=== Your objective ===
From the line with "スティック焼きトウモロコシのバジルソース和えの工程2" to the line with "Bóton Redondo 5.08cm Mama de Obama", output every line below exactly, both ends included. Skip the pictures.

=== Records for processing ===
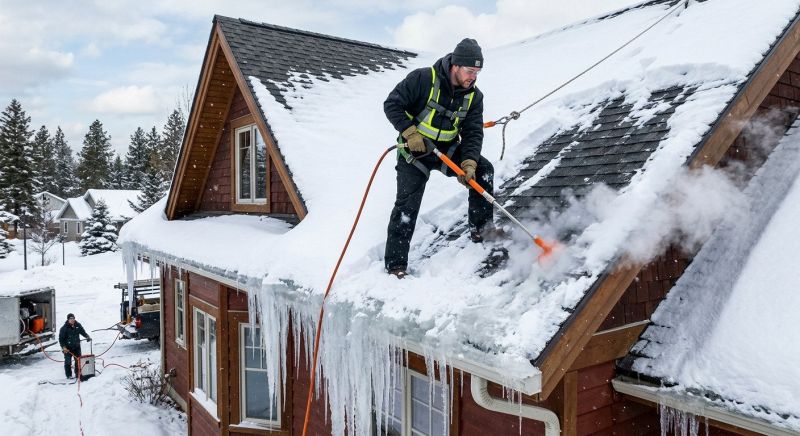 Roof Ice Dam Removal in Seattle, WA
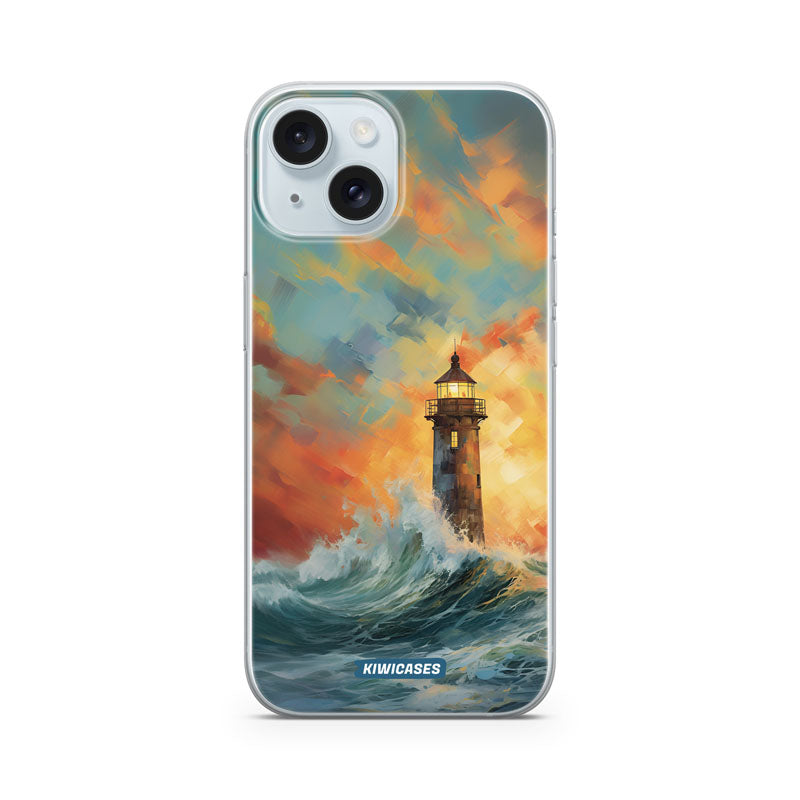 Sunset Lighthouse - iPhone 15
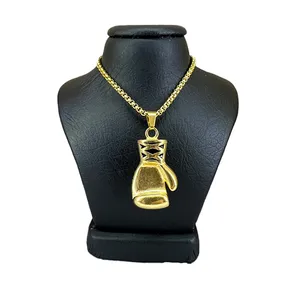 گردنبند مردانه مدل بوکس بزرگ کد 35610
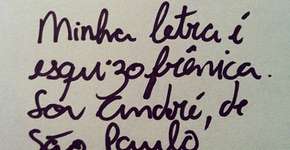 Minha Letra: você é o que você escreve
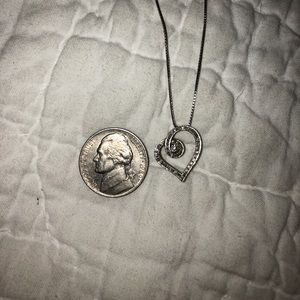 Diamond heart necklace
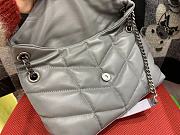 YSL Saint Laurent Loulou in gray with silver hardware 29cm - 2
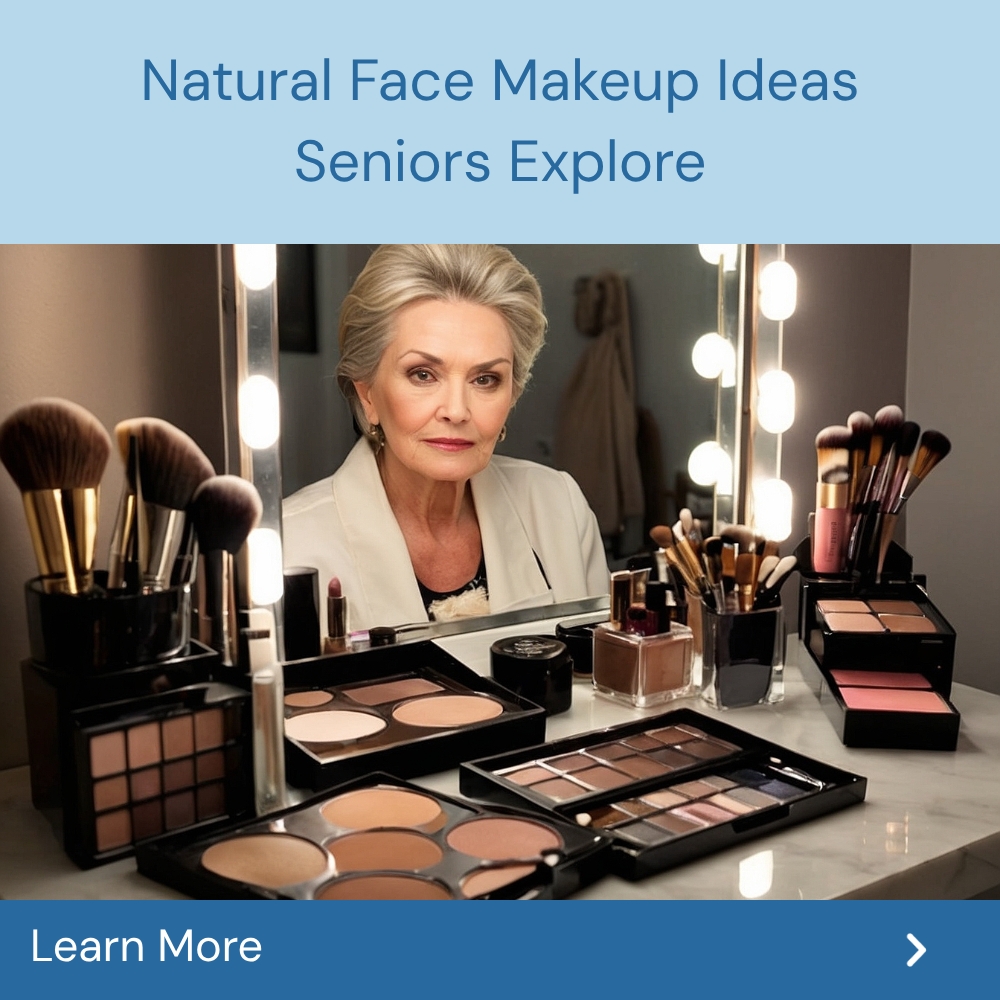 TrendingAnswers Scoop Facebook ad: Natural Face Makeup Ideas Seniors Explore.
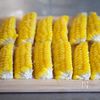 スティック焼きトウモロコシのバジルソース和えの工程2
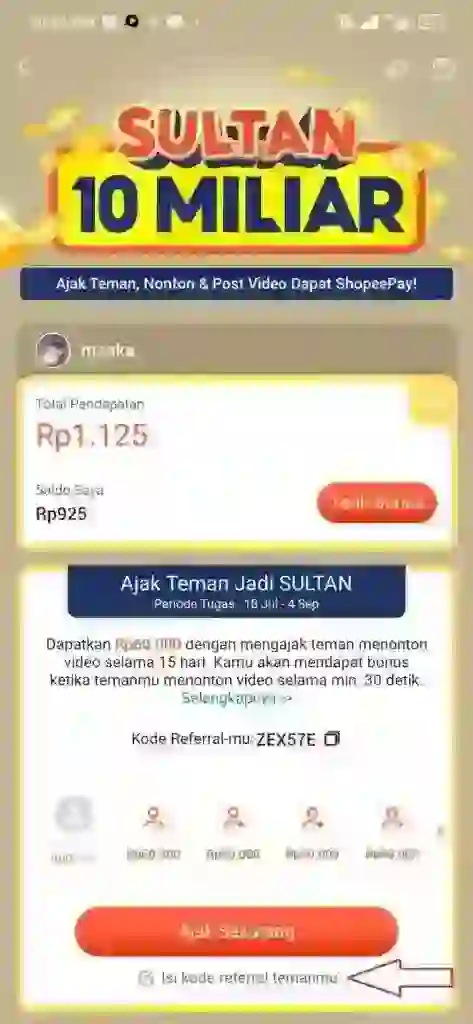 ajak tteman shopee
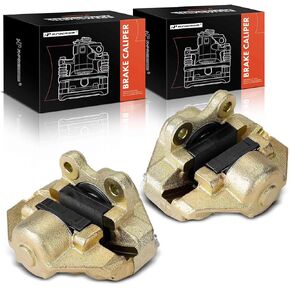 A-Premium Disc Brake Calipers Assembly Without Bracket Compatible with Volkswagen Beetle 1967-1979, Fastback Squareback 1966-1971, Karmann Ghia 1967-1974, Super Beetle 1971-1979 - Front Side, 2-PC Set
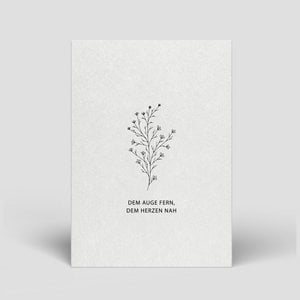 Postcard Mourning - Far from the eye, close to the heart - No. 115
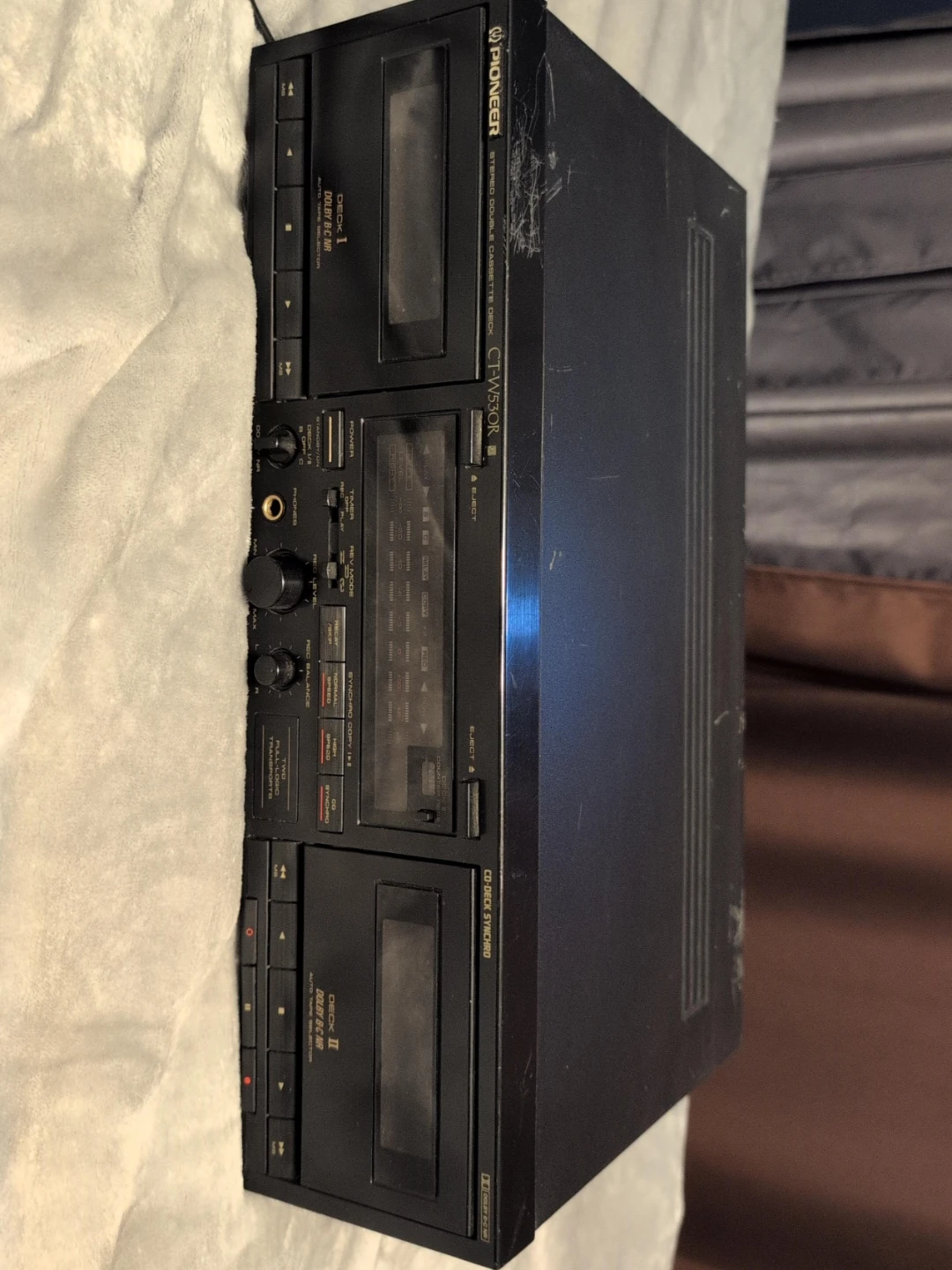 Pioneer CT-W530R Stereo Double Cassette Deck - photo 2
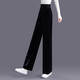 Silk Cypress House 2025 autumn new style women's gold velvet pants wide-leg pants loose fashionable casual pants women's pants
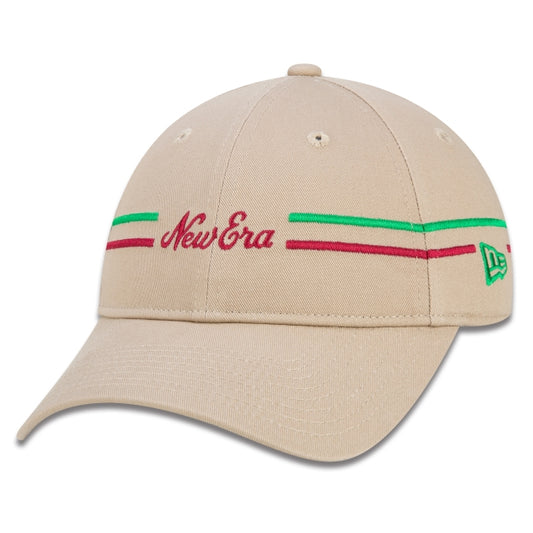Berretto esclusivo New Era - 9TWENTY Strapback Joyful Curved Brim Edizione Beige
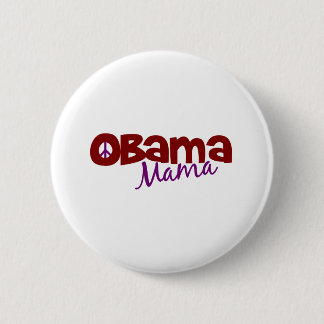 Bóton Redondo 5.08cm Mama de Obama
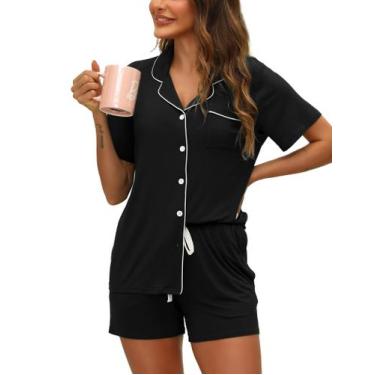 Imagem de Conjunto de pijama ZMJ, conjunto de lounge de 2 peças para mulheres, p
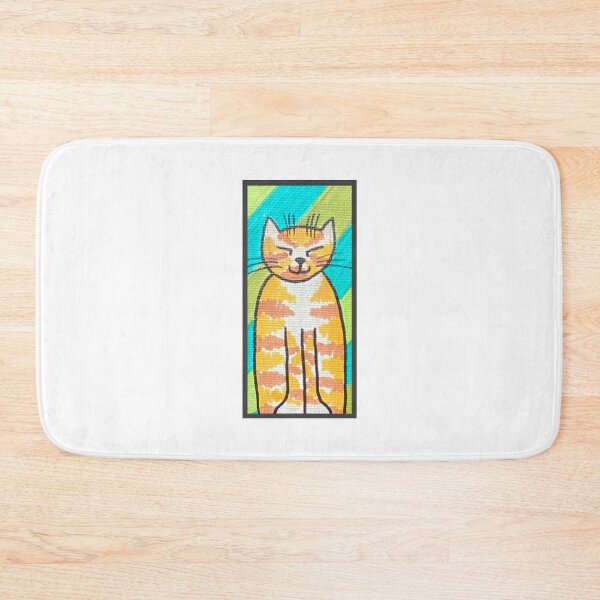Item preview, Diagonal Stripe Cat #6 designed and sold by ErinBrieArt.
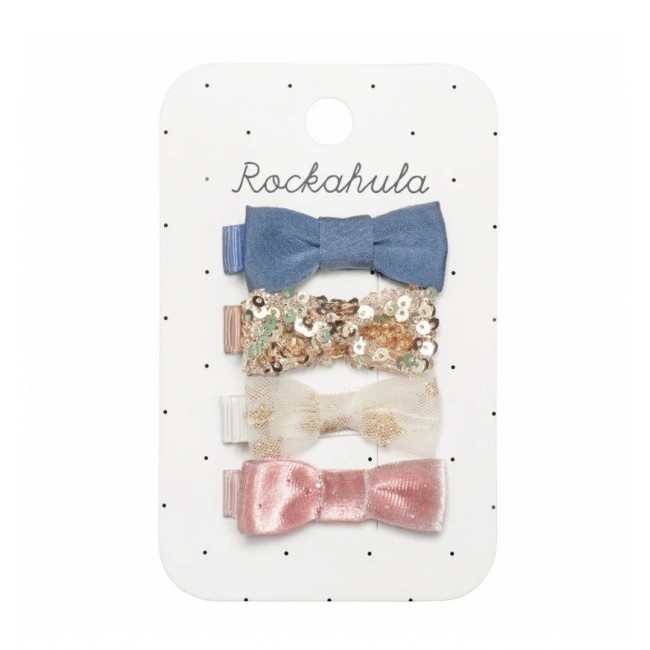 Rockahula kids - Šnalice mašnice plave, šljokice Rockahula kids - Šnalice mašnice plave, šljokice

=== Output ===
 スティック焼きトウモロコシのバジルソース和えの工程2
 ajak tteman shopee
 A-Premium Disc Brake Calipers Assembly Without Bracket Compatible with Volkswagen Beetle 1967-1979, Fastback Squareback 1966-1971, Karmann Ghia 1967-1974, Super Beetle 1971-1979 - Front Side, 2-PC Set
 Postcard Mourning - Far from the eye, close to the heart - No. 115
 Pioneer CT-W530R Stereo Double Cassette Deck - photo 2
 Silk Cypress House 2025 autumn new style women's gold velvet pants wide-leg pants loose fashionable casual pants women's pants
Berretto esclusivo New Era - 9TWENTY Strapback Joyful Curved Brim Edizione Beige
 Bóton Redondo 5.08cm Mama de Obama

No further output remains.